Task prompt — In the entries below, begin at the line with "Heavenly Inquisition Sword" and stop after the line with "Deep Purple Live At Montreux"; output those lines exactly and omit the pictures.

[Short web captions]
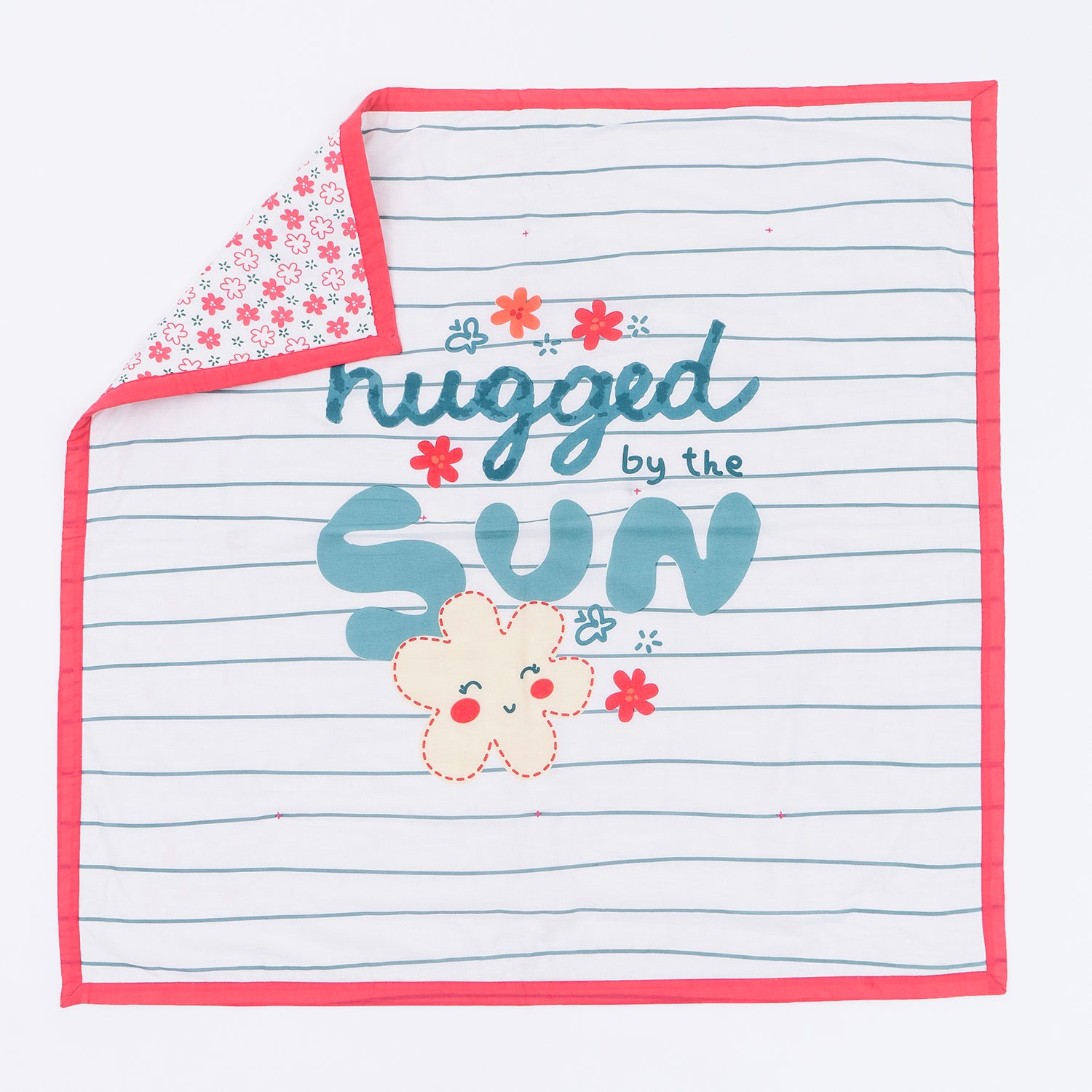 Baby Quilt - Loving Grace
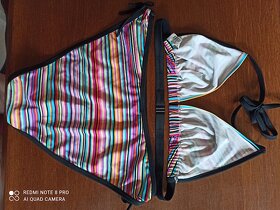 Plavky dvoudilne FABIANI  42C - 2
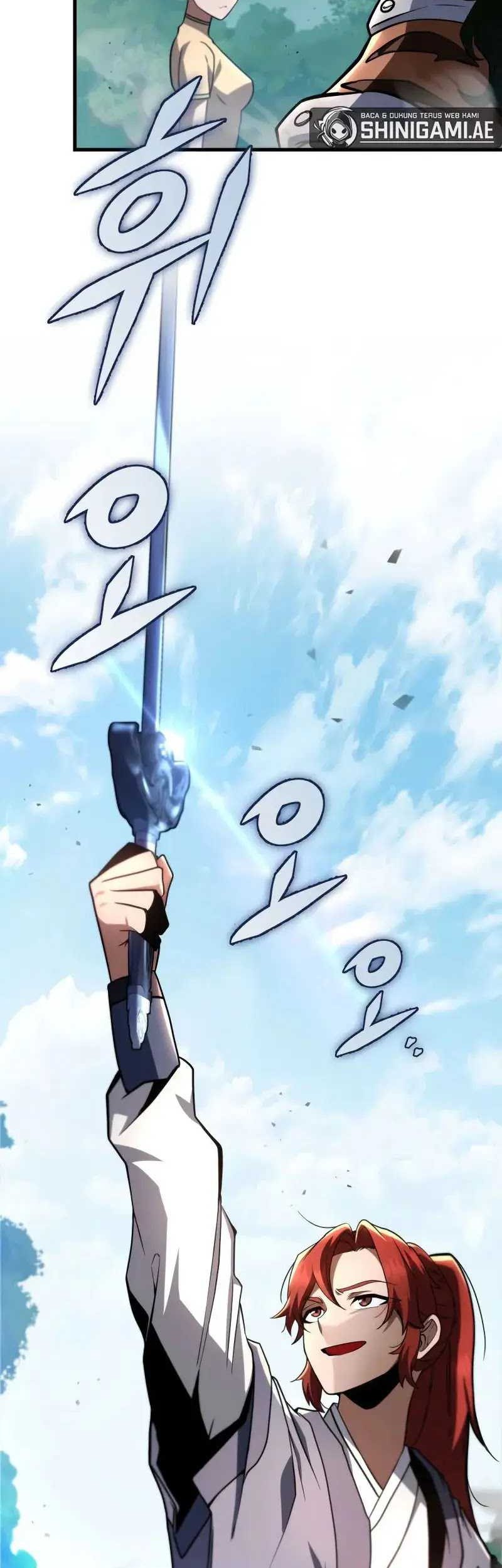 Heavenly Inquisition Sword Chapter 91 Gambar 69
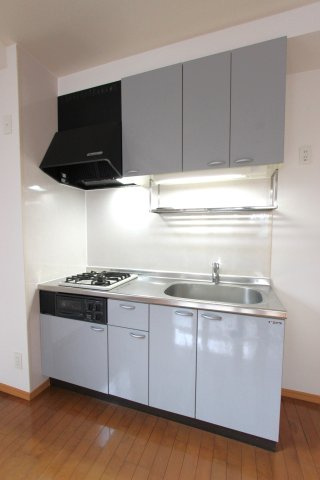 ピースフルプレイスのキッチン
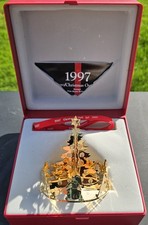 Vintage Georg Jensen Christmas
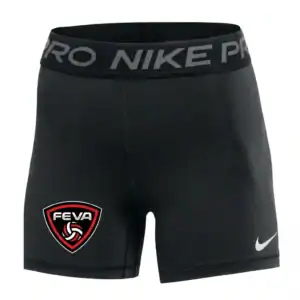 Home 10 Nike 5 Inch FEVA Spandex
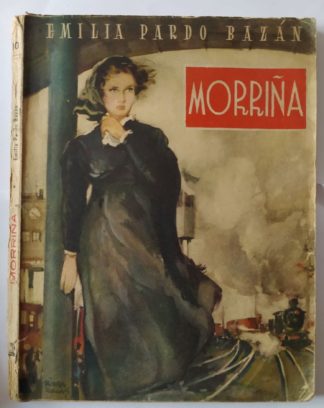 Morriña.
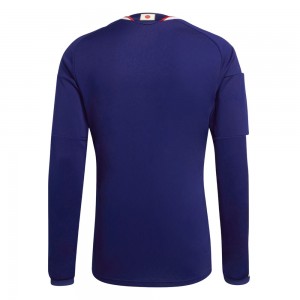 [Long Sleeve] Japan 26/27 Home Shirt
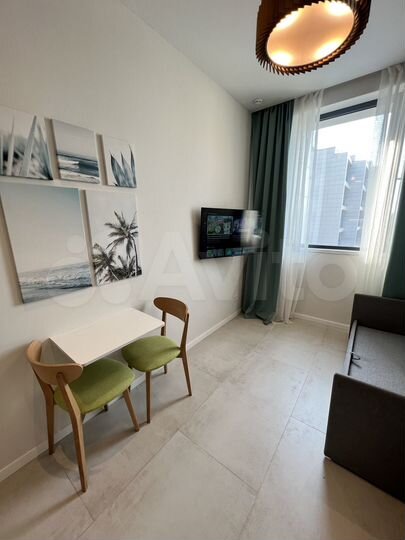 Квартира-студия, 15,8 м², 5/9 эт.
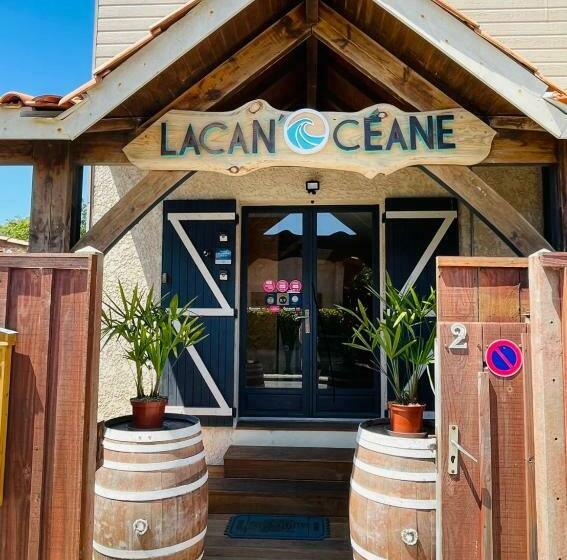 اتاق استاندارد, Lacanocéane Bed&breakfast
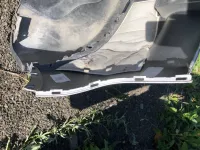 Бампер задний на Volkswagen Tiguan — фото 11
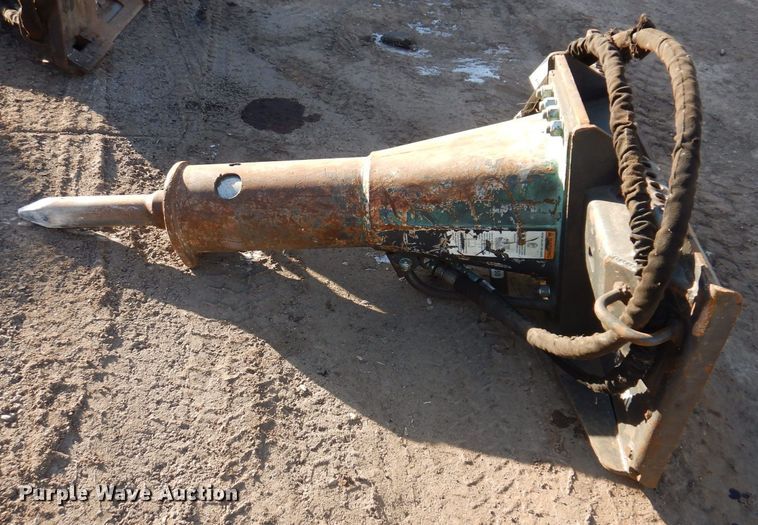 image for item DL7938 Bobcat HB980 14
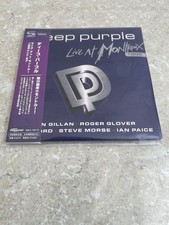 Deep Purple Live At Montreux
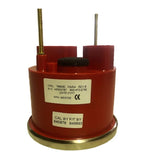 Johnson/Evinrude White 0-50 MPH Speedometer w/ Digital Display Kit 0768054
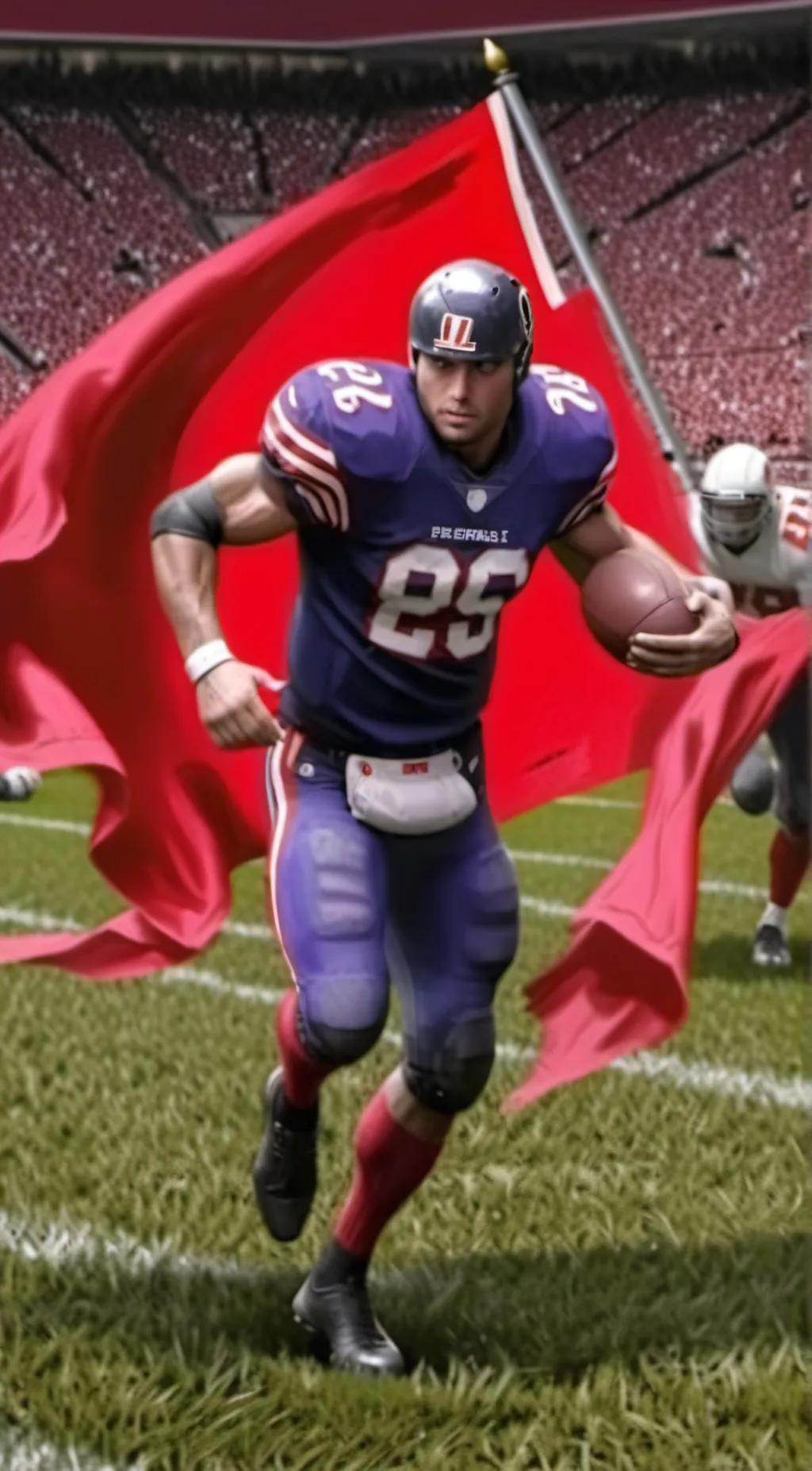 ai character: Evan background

Exercise response —
 Heavenly Inquisition Sword Chapter 91 Gambar 69
 ピースフルプレイスのキッチン
 Vintage Georg Jensen Christmas
 Home 10 Nike 5 Inch FEVA Spandex
 Morriña.
 [Long Sleeve] Japan 26/27 Home Shirt
 Квартира-студия, 15,8 м², 5/9 эт.
 اتاق استاندارد, Lacanocéane Bed&breakfast
 Бампер задний на Volkswagen Tiguan — фото 11
 image for item DL7938 Bobcat HB980 14
 Deep Purple Live At Montreux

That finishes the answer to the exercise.